## Synthetic Data = Simulated Data
Synthetic data refers to generated data vs naturally occurring data or  
data collected by people.
<br/>
<br/>
<br/>

### Why Is It Useful?
- **Cost-effective Data Collection:** Generating synthetic data is often  
much cheaper than employing human annotators, making it an  
economical choice for data collection.

- **Overcoming Data Scarcity:** In domains where adequate real-world data  
is scarce or difficult to collect, synthetic data can fill the gap, enabling  
the training of machine learning models.

- **Large Diverse Data:** Synthetic data can capture a wider distribution  
than human collectors, and can produce the data at scale.

- **Privacy Compliance:** It helps in scenarios where using real data could  
violate privacy regulations. Synthetic data can be used to create anonymized  
datasets that mimic real data characteristics without exposing sensitive  
information.


### Papers
**Self-Instruct: Aligning Language Models with Self-Generated Instructions**  


Finetuned a base GPT-3 on synthetic and noisy data which compares favorably  
to InstructGPT (precursor to ChatGPT)

<br/>

**Unnatural Instructions: Tuning Language Models with (Almost) No Human Labor**  


Generates synthetic data from GPT-3.5 to finetune a smaller model, T5

<br/>

**Textbooks Are All You Need II (phi-1.5; Microsoft)**  


Trained a model on 20B synthetic textbook quality tokens

<br/>

**Rephrasing the Web: A Recipe for Compute and Data Efficient Language Modeling**  


Rephrased documents via different prompt strategies, trained with a mix of  
synthetic and natural data, and showed 3x improvement in training speed

<br/>

**Self-Alignment with Instruction Backtranslation**  


Proposes a scaleable process to self improve a model starting with a small  
set a seed data, and iteratively generating synthetic data and finetuning



## Data quality is all you need

In [1]:
import instructor
from pydantic import BaseModel, Field, create_model
from openai import AsyncOpenAI, OpenAI
from enum import Enum
from typing import Iterable, Optional, List, Literal, Union
from langchain_community.document_loaders import WebBaseLoader
from langchain_experimental.text_splitter import SemanticChunker
from langchain.text_splitter import CharacterTextSplitter
from langchain_openai.embeddings import OpenAIEmbeddings
import asyncio
import json
import warnings
warnings.filterwarnings("ignore")

In [18]:
!export OPENAI_API_KEY='sk-' + 'your api key'
client = instructor.patch(AsyncOpenAI())
MODEL='gpt-4-turbo-preview'

semantic_text_splitter = SemanticChunker(OpenAIEmbeddings())

In [3]:
class ChatRole(str, Enum):
    user: str = 'user'
    system: str = 'system'
    chat: str = 'chat'


class Message(BaseModel):
    role: Literal[ChatRole.user, ChatRole.system]
    content: str

class ChatSequence(BaseModel):
    messages: List[Message] = Field(..., description="A list of chat turns in sequence")

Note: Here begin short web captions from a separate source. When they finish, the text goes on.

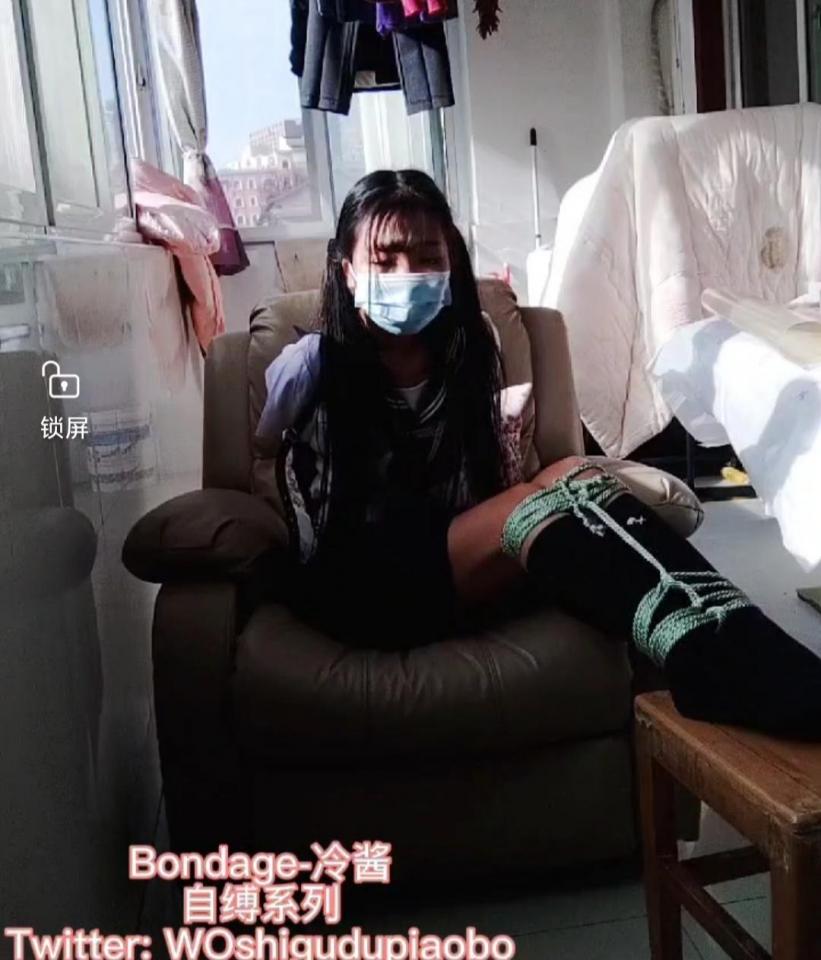 【冷酱自缚21】可爱冷酱jk制服阳台漏出自缚直腿+胸缚+单手套，阳台自缚沙发放置挣扎 下载后再解压，解压密码leng，解压后改文件后缀为.mp4<br>这次趁家人午睡赶紧偷偷整一波阳台自缚。内心还是很害怕被发现的。自缚的时候家里的美短猫咪一直捣乱还拉扯绳子。后来被我抱走。自缚直腿胸缚，然后自缚单手套。尝试在阳台蹦着移动，看窗外风景。然后蹦到阳台沙发挣扎表演，最后解开脱縛。还好家人中途没有起来上厕所什么的，中途可以说一直担惊受怕了。<br><br>过年不放假接自缚定拍有意向联系qq：379989669<br>闲聊勿扰，无意向勿加，谢谢配合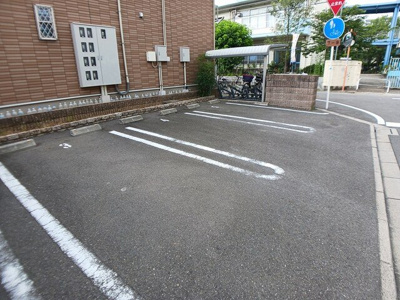【駐車場】 | カーサ・プラシード | 駐車場に車を止められます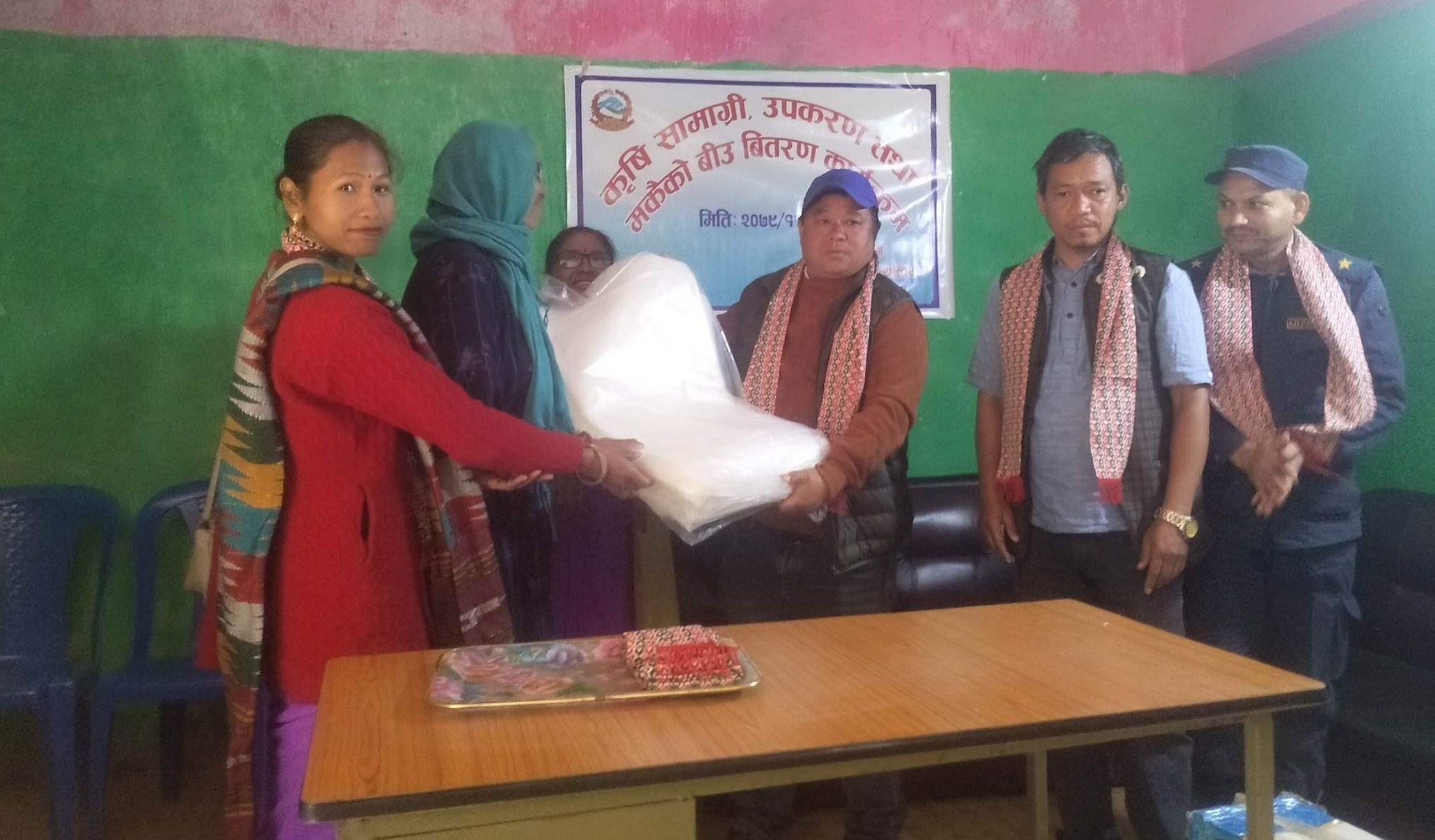 माङसेबुङ १ नम्बर वडाले वितरण गर्‍यो कृषि सामग्री, उपकरण तथा मकैको बिउ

def create_chat_instruction(system_instruction, user_instruction):
    return ChatSequence(messages=[
        Message(role=ChatRole.system, content=system_instruction),
        Message(role=ChatRole.user, content=user_instruction)
    ])

def pretty_print(instance: BaseModel):
    print(json.dumps(instance.dict(), indent=2))
    

### Create Synthetic Data for RAG Embedding Finetune

In [4]:
class Context(BaseModel):
    body: str = Field(..., description="The text body of the context chunk")
    id: Optional[int] = Field(..., description="Number identifier of the context chunk")
    title: Optional[str] = Field(None, description="The tital of the context chunk")


class ContextQuestion(BaseModel):
    question: str = Field(..., description="A question where the context is the answer.")
    question_type: Optional[str] = Field(None, description="The type of question")
    question_level: Optional[str] = Field(None, description="How difficult the question is")

class ContextQuestions(BaseModel):
    questions: List[str] = Field(..., description="A sequence of questions where the context is the answer list should be at least 5 questions.")
    question_type: Optional[str] = Field(..., description="The type of questions indicated by user instruction")
    question_level: Optional[str] = Field(..., description="How difficult the question is")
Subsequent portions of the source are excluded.